(Records provided):
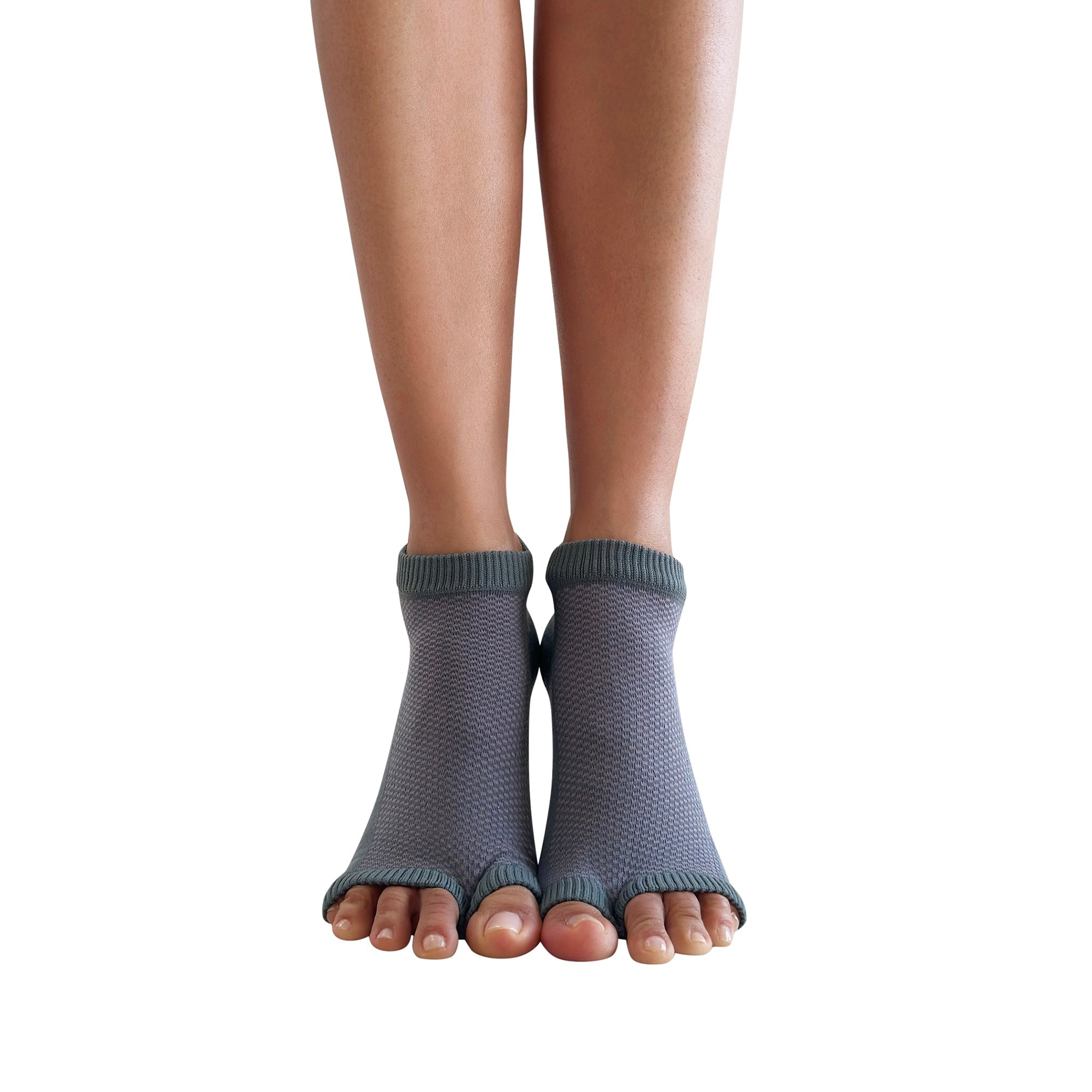 Tucketts Flow - Eucalyptus Rosacea Pilates Socks - Non-Slip Grip, Open Toe, Barre & Yoga - Women's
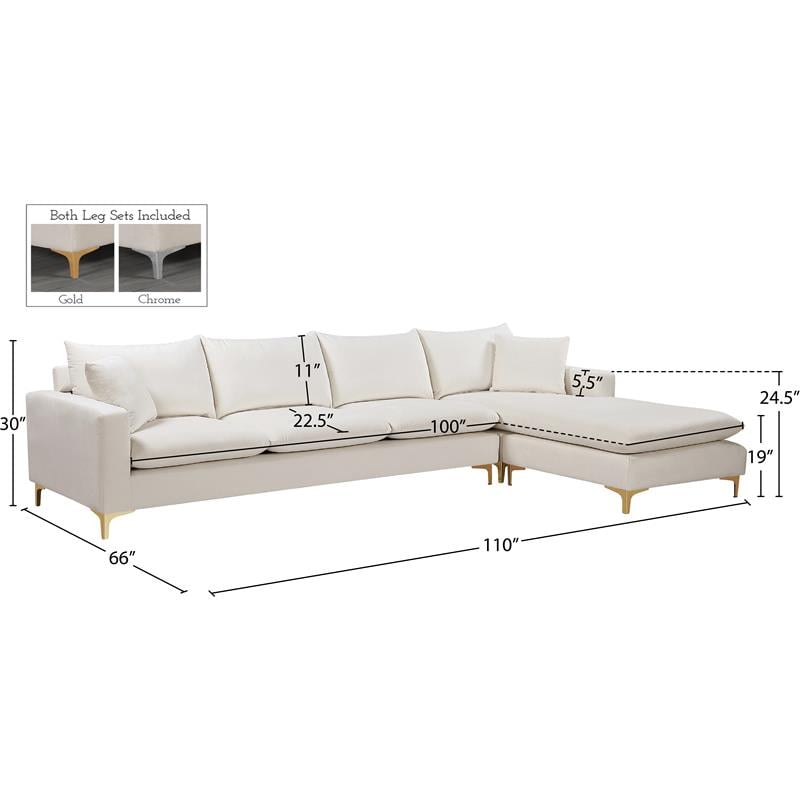 Meridian Furniture Naomi Cream Velvet 2pc. Reversible Sectional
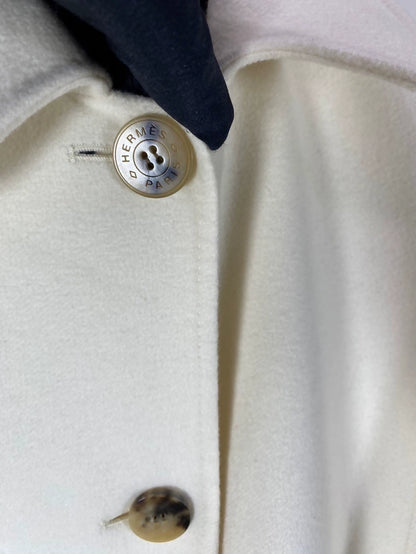 Hermes beige cashmere belted coat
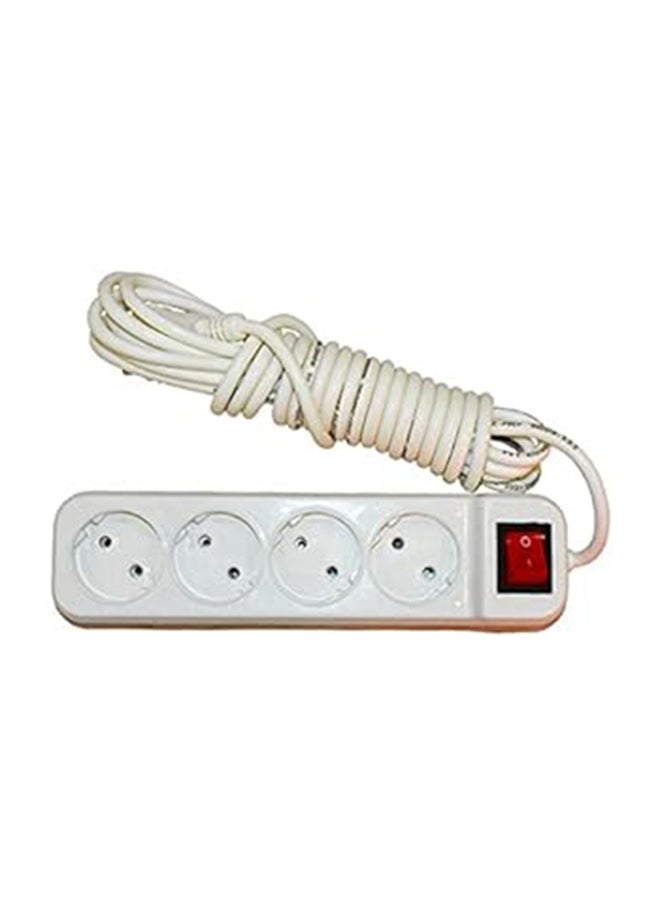 HYPER 4 Plugs Power Strip With Cable 1.5m (White) 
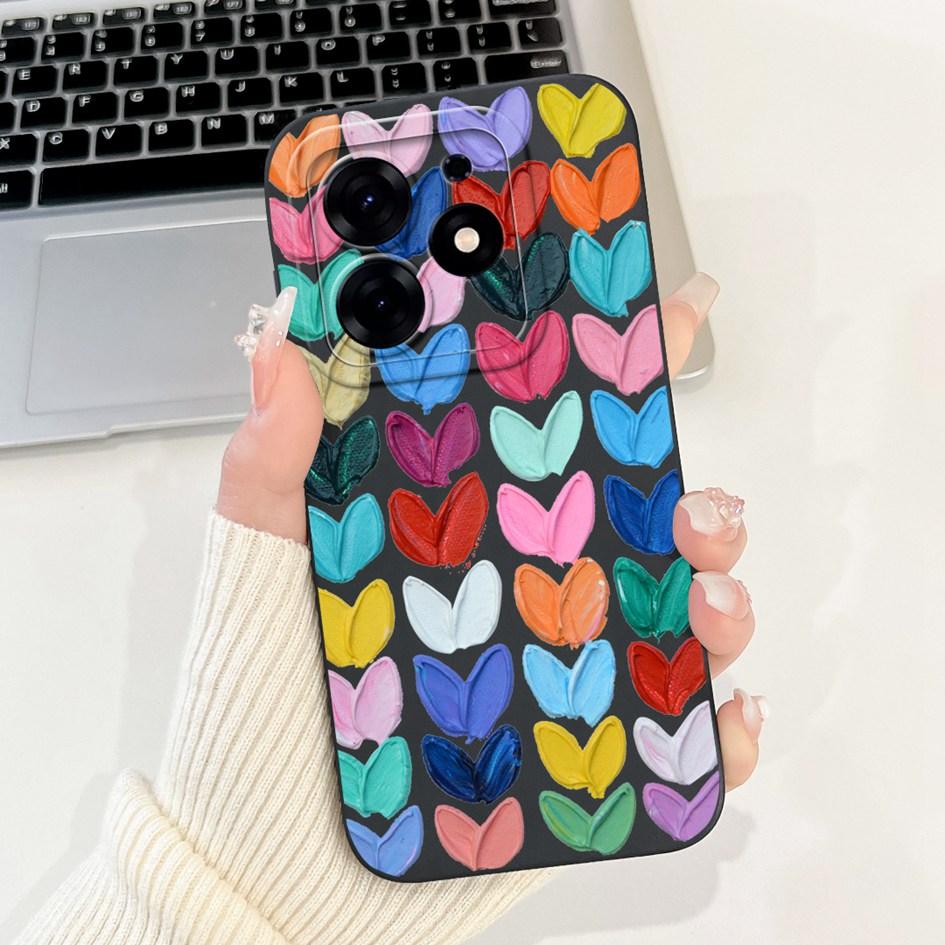 For Tecno Spark 10 Pro Case Cartoon Flower Liquid Silicone Shockproof Cover For Tecno Spark10 Pro Spark 10Pro 4G KI7 Phone Cases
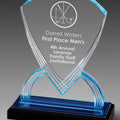8-3/4 INCH ACRYLIC SHIELD TROPHY WITH BLUE REFLECTIVE BLACK BASE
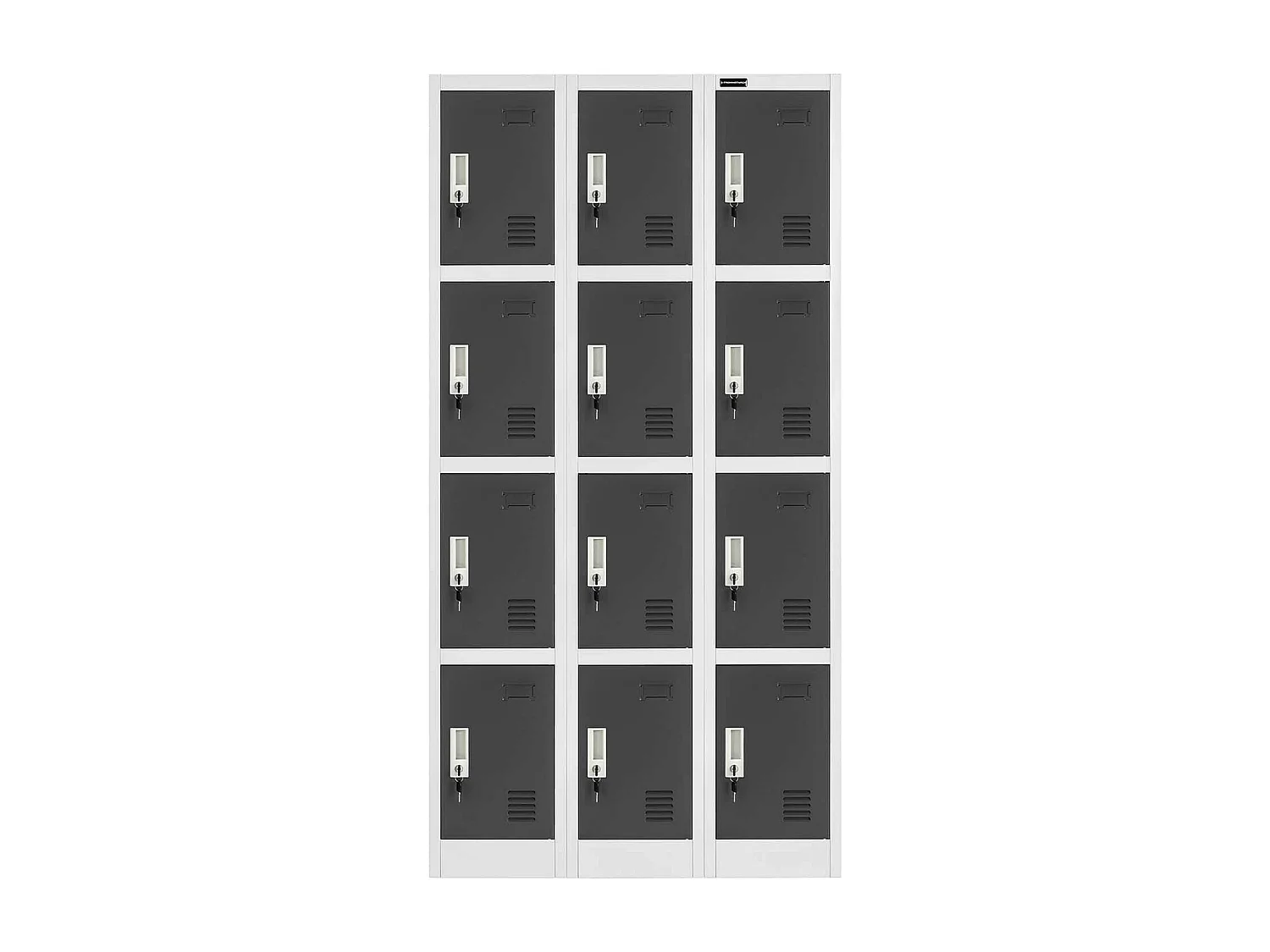 Armadio 12 scomparti 187 cm grigio 14_0005988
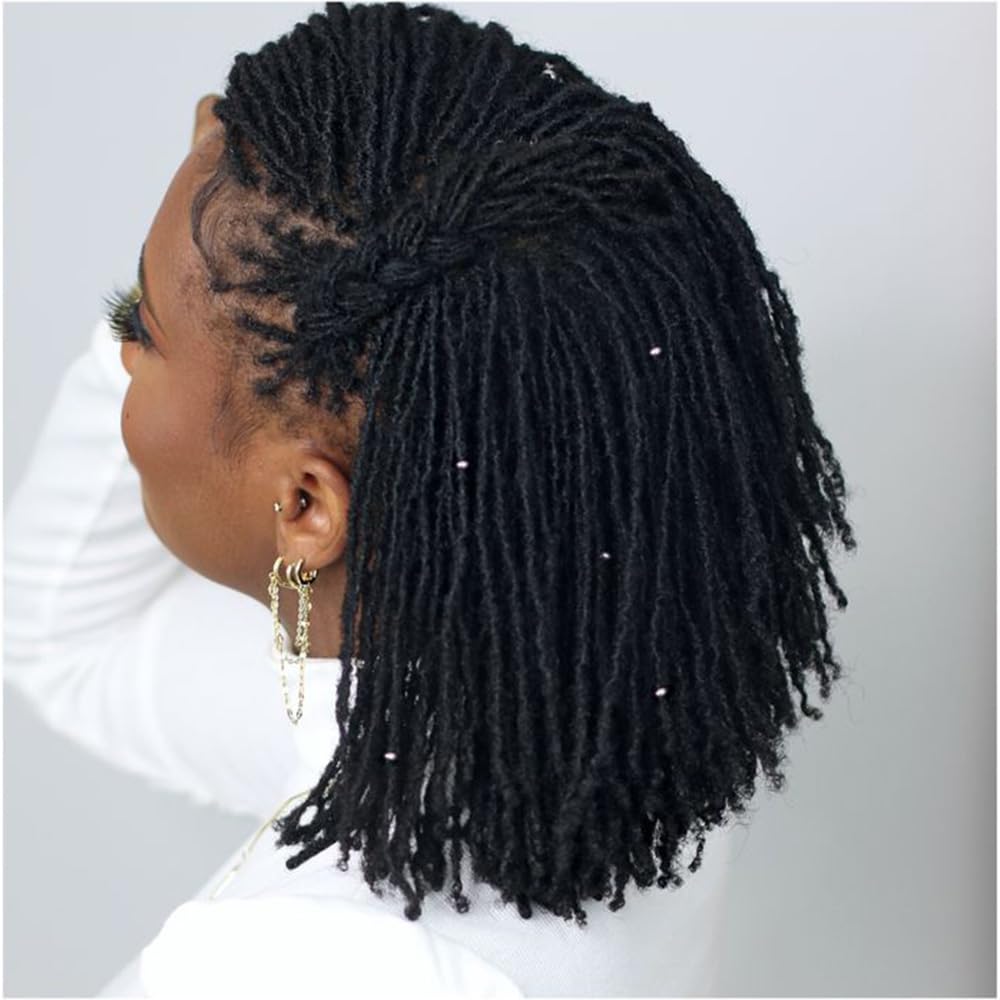 Dreadlock Extension Human Hair 8inch 0.8cm Width 100% Permanent Huamn Hair Loc Extension Can Be Dyed Bleached Curled Handmade Loc Extension for Men Women (30 Strands Natual Black)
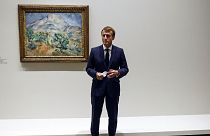 Macron visits a Cézanne painting; the discovery of an early work by the French master is a coup for the art world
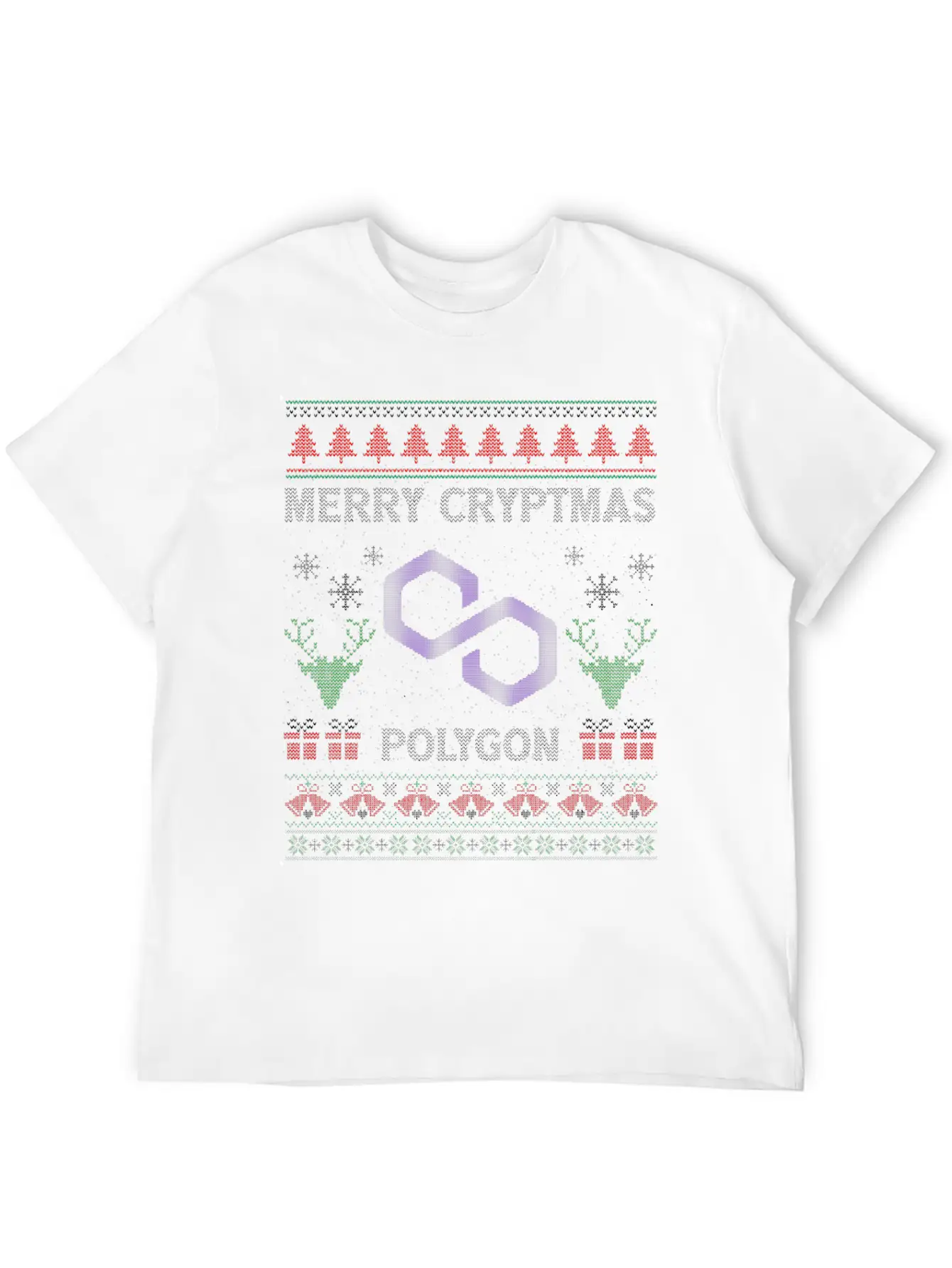 Merry Cryptmas Christmas Polygon Matic Coin Crypto Soft Cotton Short Sleeve Tee ¨C Unisex Wardrobe Staple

(What needs to be done):
Write out exactly, and only, the lines from the line holding "For Tecno Spark 10" through the end of the data, inclusive, without any pictures.

(Reply):
 For Tecno Spark 10 Pro Case Cartoon Flower Liquid Silicone Shockproof Cover For Tecno Spark10 Pro Spark 10Pro 4G KI7 Phone Cases
8-3/4 INCH ACRYLIC SHIELD TROPHY WITH BLUE REFLECTIVE BLACK BASE
 Armadio 12 scomparti 187 cm grigio 14_0005988
 Dreadlock Extension Human Hair 8inch 0.8cm Width 100% Permanent Huamn Hair Loc Extension Can Be Dyed Bleached Curled Handmade Loc Extension for Men Women (30 Strands Natual Black)
 Macron visits a Cézanne painting; the discovery of an early work by the French master is a coup for the art world
 Merry Cryptmas Christmas Polygon Matic Coin Crypto Soft Cotton Short Sleeve Tee ¨C Unisex Wardrobe Staple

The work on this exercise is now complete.